Closed false closed 4 years ago
It seems to be a problem with the read scatered impl itself. If I make one call of vmmRead for 2MB then data will be only zeros after 0x1FF0 (so beginning 0x2000). If I make successive calls of small vmmRead the data Is not corrupted. I'm currently trying to find the issue in the read impl, but didn't find anything issue there so far unfortunately.
Could it be a problem with TLP_CallbackMRd_Scatter and tiny algorithm? I see the good number of tx tlps and well built in DeviceFPGA_ReadScatterMEM_Impl (except I am not sure of the behaviour when a lot of requests got the same tag), but it seems there is no corresponding rx for a lot of the tx requests ; seems to fail on the eccbit. Just for info I've quickly dirty tested to run 100 vmmRead of 0x2000 instead of one of 0x200000 and it makes the VmmWinInit_FindNtosScanHint64 work (and after that it fails on the find eprocess because it also has a big request).

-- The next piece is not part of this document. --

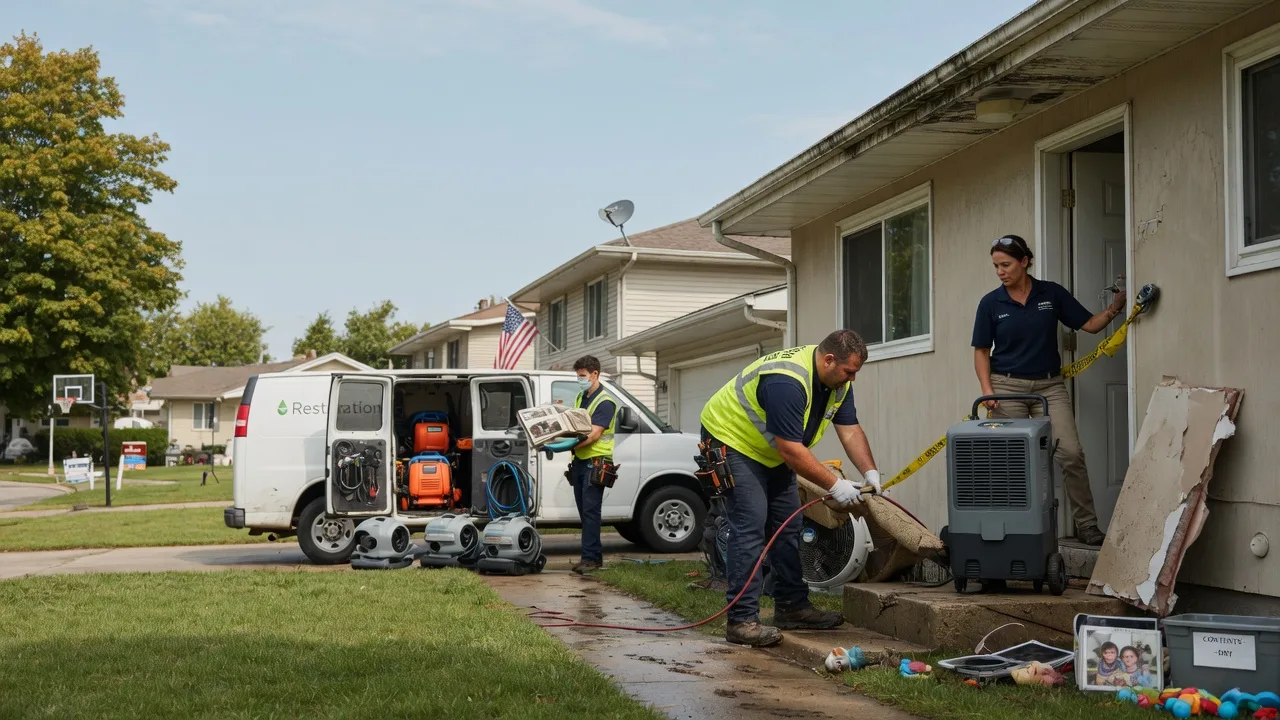 Water Damage Restoration in Kingsland, GA near me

Thanks for the excellent debugging. This makes some sense to me and I'll be looking into a fix in the coming few days.
No problem ; Do you need any precise steps to reproduce the error or is that clear enough ?
No, I've located the error and fixed it in my lab. I just need to do more testing before I push the fix into production. I expect this to be completed on Monday at the very latest.
Great! Can't wait to test it on my project! :-)
This should now be fixed. Can you verify this and close the issue if it's resolved.
You should be able to download the latest set of binaries (including new leechcore.dll) and trigger the fixed tiny algorithm with:
MemProcFS.exe -device fpga://algo=2
As described in the new documentation in the LeechCore FPGA guide.
I confirm it works :-) Thanks!
a bit off-topic : I know it is 'meant' to be slower - I am currently dumping mem at 7 MB/s - but do you think there is something that could be done to optimize the speed (maybe reach 15-25 MB/s) ? I could have myself a look if you think there is a possibility to make it faster.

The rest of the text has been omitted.